In a brand new interview with Mistress Carrie of the Worcester/Boston, Massachusetts radio station WAAF, Alice Cooper spoke about how the recent deaths of Chester Bennington and Chris Cornell are putting much-needed focus on the devastating consequences of mental illness.
“It is really weird what’s going on right now. First of all, Chris Cornell was one of the most positive people I’d ever met in my life. He had everything going for him on every level. Same with Bennington; same with Chester. I mean, I knew both of these guys pretty well. And they were not heavy drug guys, they were not wild, crazy, insane Keith Moon types; they were really solid, solid, solid and the last people I would ever guess to commit suicide. So I have no idea what’s going on with all of this.”

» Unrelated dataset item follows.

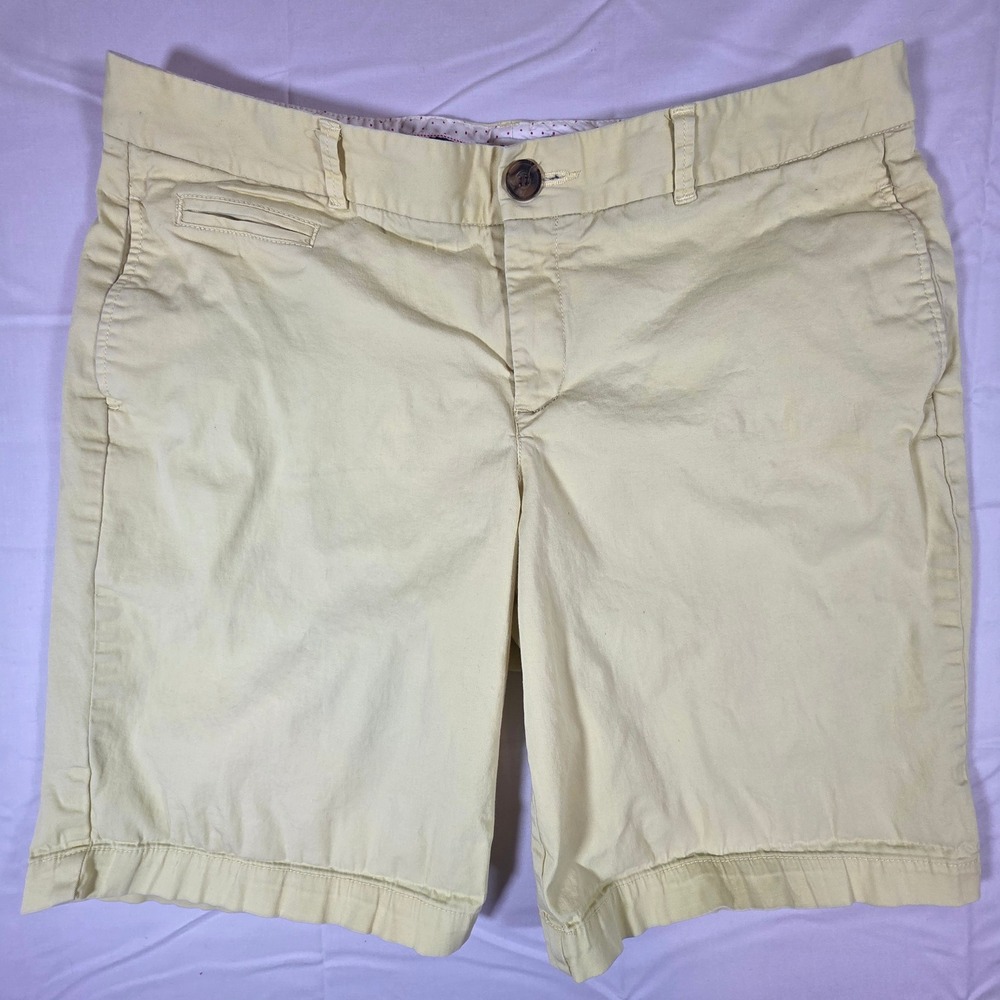 Dockers Womens Size 10 Yellow Low Rise Slightly Curvy Chino Shorts Stretch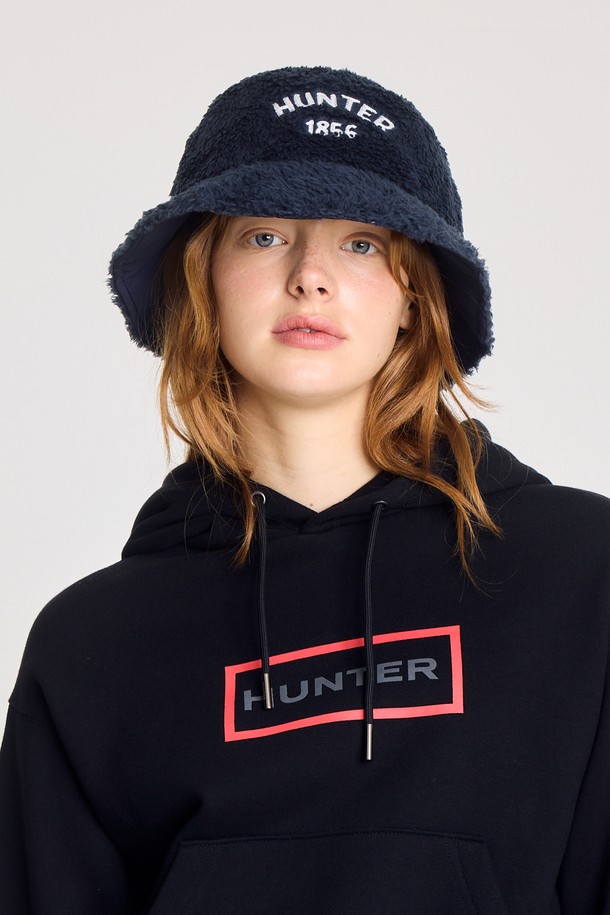 [UNISEX] 리버서블 부클 버킷햇 - 네이비 HBW0004CHZNVY는 아웃도어 활동과 일상에서 모두 활용하기 좋은 유니섹스 버킷햇입니다. 부드러운 촉감의 폴리에스터 소재로 제작되어 편안한 착용감을 선사하며, 봄, 여름, 가을 계절에 적합합니다. 네이비 컬러의 무지 디자인으로 어떤 스타일에도 쉽게 매치할 수 있으며, 캐주얼, 미니멀, 클래식 스타일을 즐기는 분들께 추천합니다. 양면 착용이 가능한 리버서블 디자인으로, 다양한 스타일을 연출할 수 있는 실용적인 아이템입니다. 여행룩과 산책룩에 포인트를 더해보세요.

When Mistress Carrie suggested to Cooper that clues about what Chester was going through were there in the songs, and especially the lyrics, through which Bennington was able to confront his demons, Alice said:
“That would have been true, I think, especially with Jim Morrison [of THE DOORS]. Jim Morrison… When I knew Jim, all he ever wrote about was what was on the other side. Or ‘The End’, ‘Break On Through [To The Other Side]’… I mean, all these songs had all this death involved in it. But if you look at Chris Cornell, ‘Black Hole Sun’ and all this stuff they did, these guys were really positive guys. I know that a lot of the lyrics were dark because of the area the music is in, but knowing these guys, they’re nothing like that.”
Asked if he believes that a certain amount of pain is required in order to create great art, Cooper said:
“I think that people think that and I think that you feel that you have to be the tortured artist. I have never felt that. I came up against a battle with alcohol and drugs and I turned it to a different thing — I became Christian — and it took care of the whole thing. I haven’t had a drink in thirty-seven years, and I’ve never been happier in my life. Other people go, ‘Well, I’ll meditate,’ or, ‘I’ll do yoga,’ or ‘I’ll do this or that.’ I don’t know. For me, it was turning to my faith and believing it’s something bigger than me, and it worked. So that’s all I can go by. But I was drinking a bottle of whisky a day, I was throwing up blood in the morning, and I was about ready to go until I really got hold of myself and decided what was important.”